| Mood makes food taste different |
16 Jan |
British scientists’ new research shows that mood may actually change how one’s dinner tastes, making the bitter and salty flavors recede.
In a new research to unpick the relationship between the chemical balance in brain and sense of taste, scientists at the University of Bristol, UK, gave 20 healthy volunteers two antidepressant drugs, and checked their sensitivity to different tastes, The Nature reported Wednesday on its website.
The scientists found that the drug that raised serotonin levels made people more sensitive to sweet and bitter tastes, while the other, which increased noradrenaline, enhanced recognition of bitter and sour tastes.
In healthy people, volunteers whose anxiety levels were naturally higher were less sensitive to bitter and salty tastes. ” What hasn’t been done before is to look precisely at which tastes are affected in depression. Now the results are in. We can discriminate between the chemicals and the tastes that seem to be altered,” Lucy Donaldson who led the research was quoted as saying.
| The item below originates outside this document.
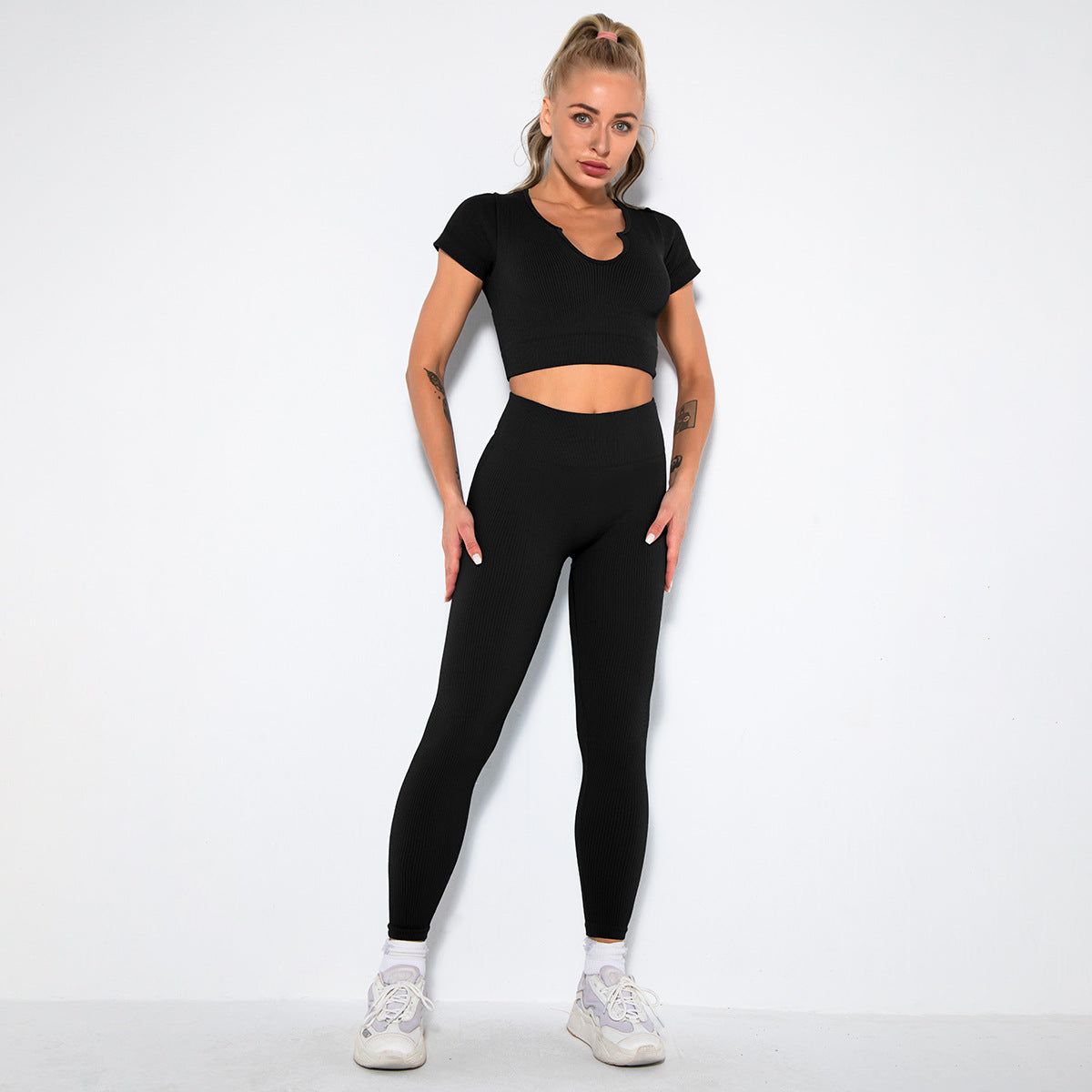 Seamless Sports Bra and Leggings Set Women s Fitted Yoga Outfit for Comfort and Style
It has long been known that people who are depressed have lower- than-usual levels of the brain chemicals serotonin or noradrenaline, or in some cases both, and many also have a blunted sense of taste, which is presumably caused by changes in brain chemistry.
The scientists plan to perform similar tests in depressed people, and in healthy volunteers given another brain chemical called tryptophan which would lower the healthy subjects’ levels of serotonin, as actually happens in depressed patients, according to the report.